» WHAT TO PRODUCE
Using the listing below, set down exactly the lines from the one that contains "2567 Orange Ct, Kingsburg, CA 93631" through the one that contains "Versteeg picks Flames", with no pictures.

» DATA PROVIDED
◇ ◇ ◇ ◇
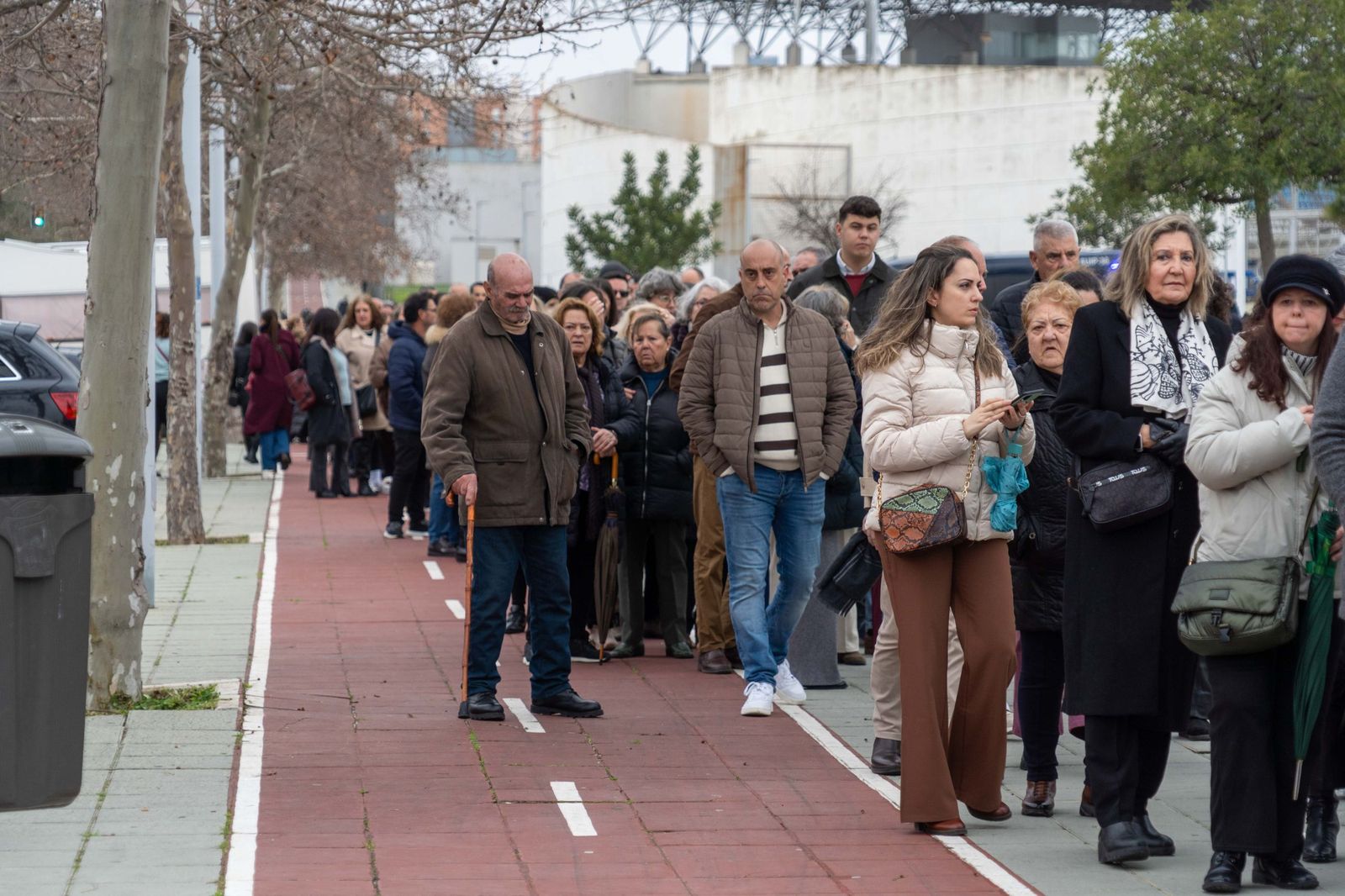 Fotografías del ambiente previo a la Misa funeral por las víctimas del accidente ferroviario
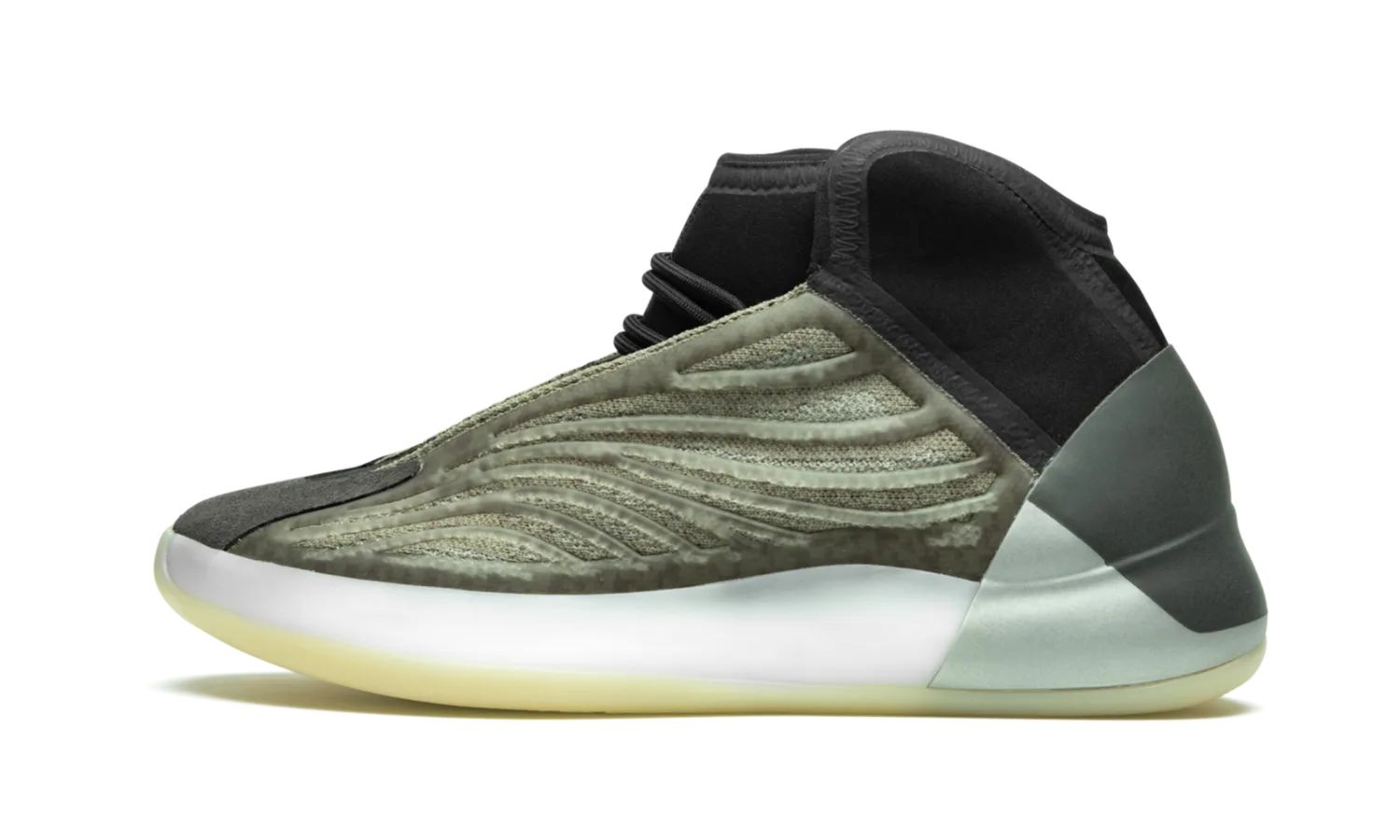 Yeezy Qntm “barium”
◇ ◇ ◇ ◇
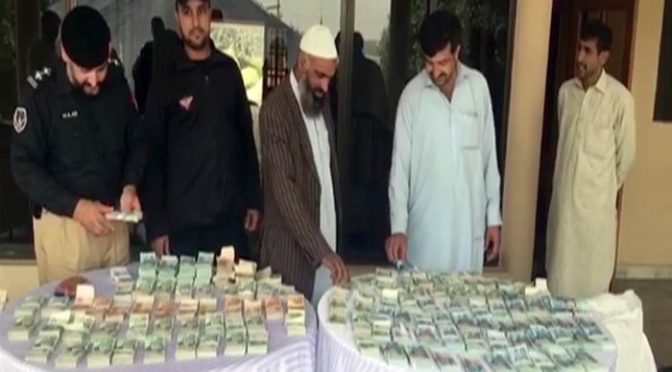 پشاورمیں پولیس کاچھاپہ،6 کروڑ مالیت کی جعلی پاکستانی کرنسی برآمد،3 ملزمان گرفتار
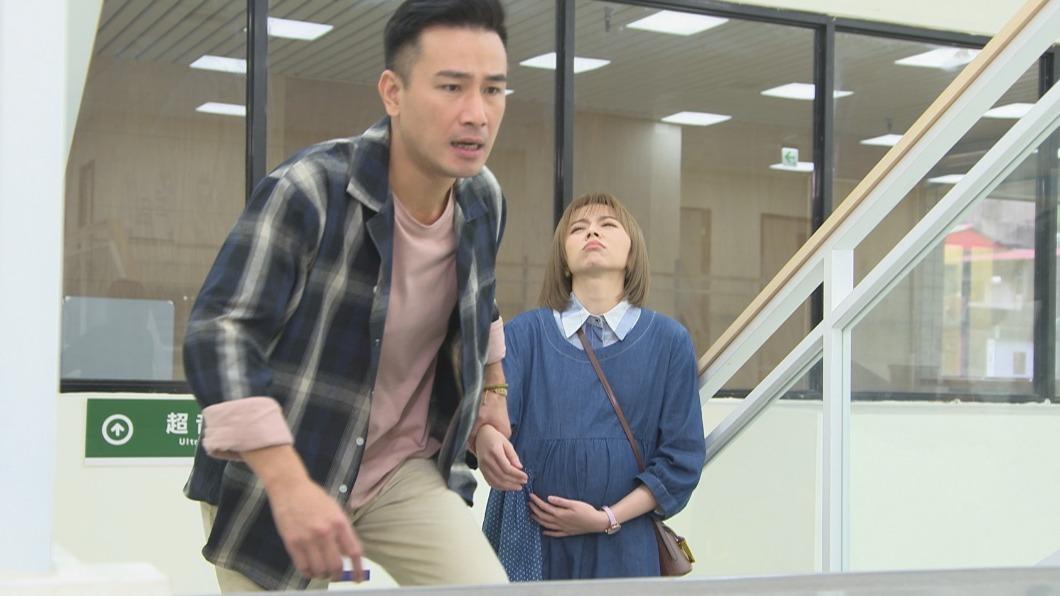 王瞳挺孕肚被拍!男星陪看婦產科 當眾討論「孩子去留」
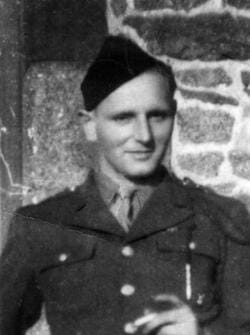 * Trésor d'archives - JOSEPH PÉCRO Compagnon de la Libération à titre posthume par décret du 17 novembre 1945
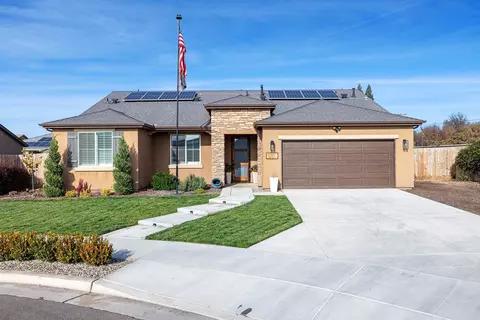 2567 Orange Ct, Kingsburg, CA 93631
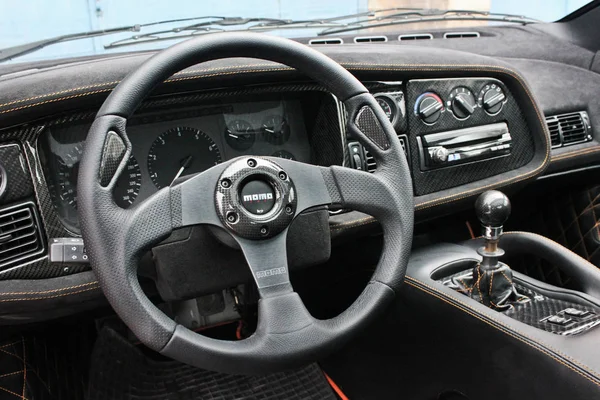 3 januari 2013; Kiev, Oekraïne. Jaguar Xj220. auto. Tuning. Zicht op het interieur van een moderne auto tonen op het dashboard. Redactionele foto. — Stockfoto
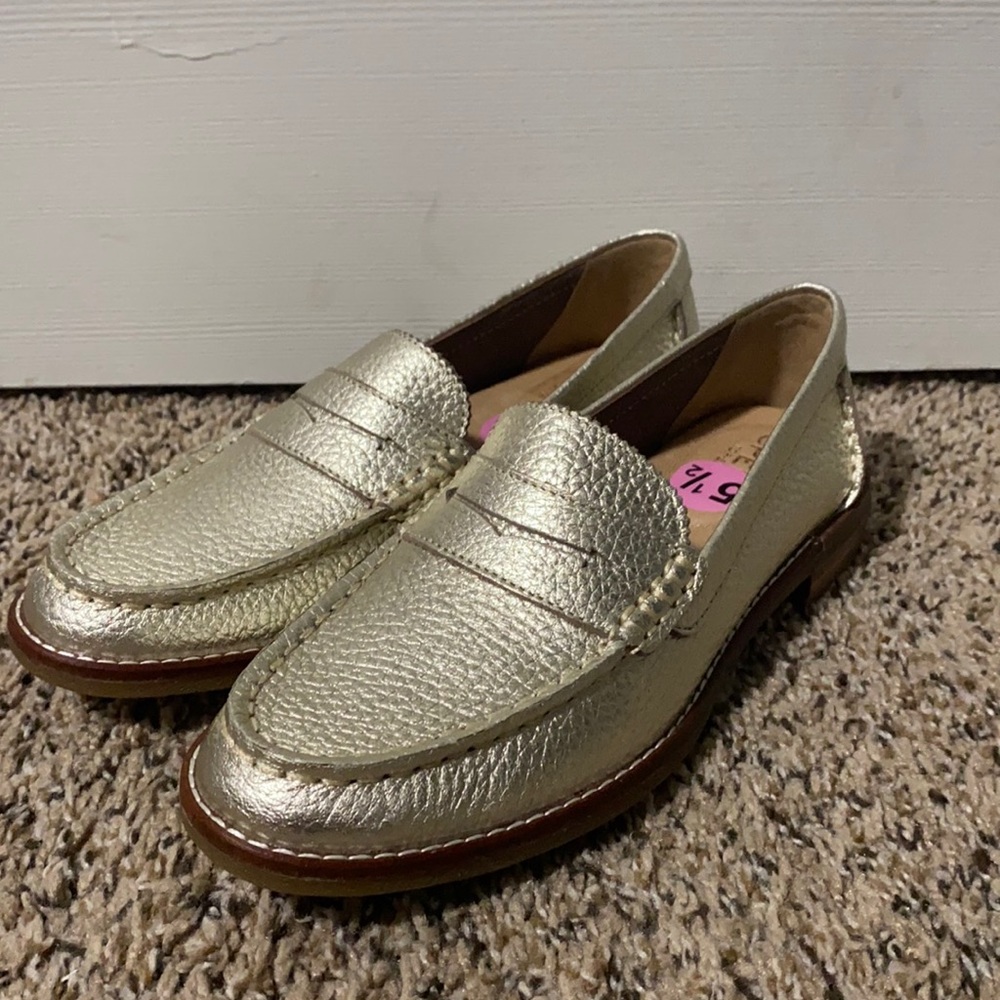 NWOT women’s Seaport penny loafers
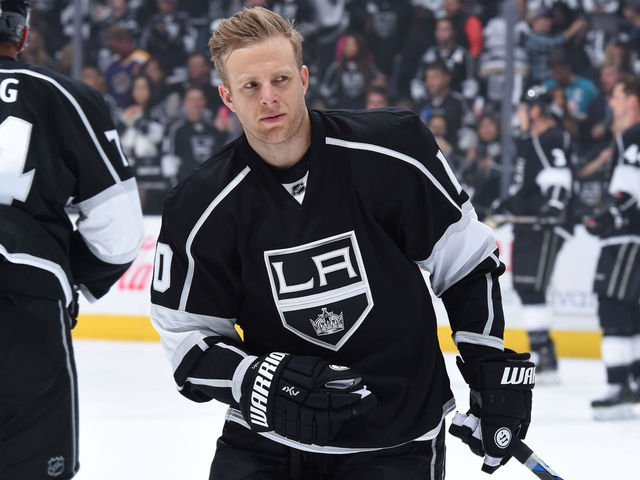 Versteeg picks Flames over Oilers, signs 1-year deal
◇ ◇ ◇ ◇
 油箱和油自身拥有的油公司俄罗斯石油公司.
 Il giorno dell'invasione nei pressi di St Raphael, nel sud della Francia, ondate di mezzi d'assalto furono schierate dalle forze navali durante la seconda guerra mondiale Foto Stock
◇ ◇ ◇ ◇
» SOLUTION FOR THIS TASK
 2567 Orange Ct, Kingsburg, CA 93631
 3 januari 2013; Kiev, Oekraïne. Jaguar Xj220. auto. Tuning. Zicht op het interieur van een moderne auto tonen op het dashboard. Redactionele foto. — Stockfoto
 NWOT women’s Seaport penny loafers
 Versteeg picks Flames over Oilers, signs 1-year deal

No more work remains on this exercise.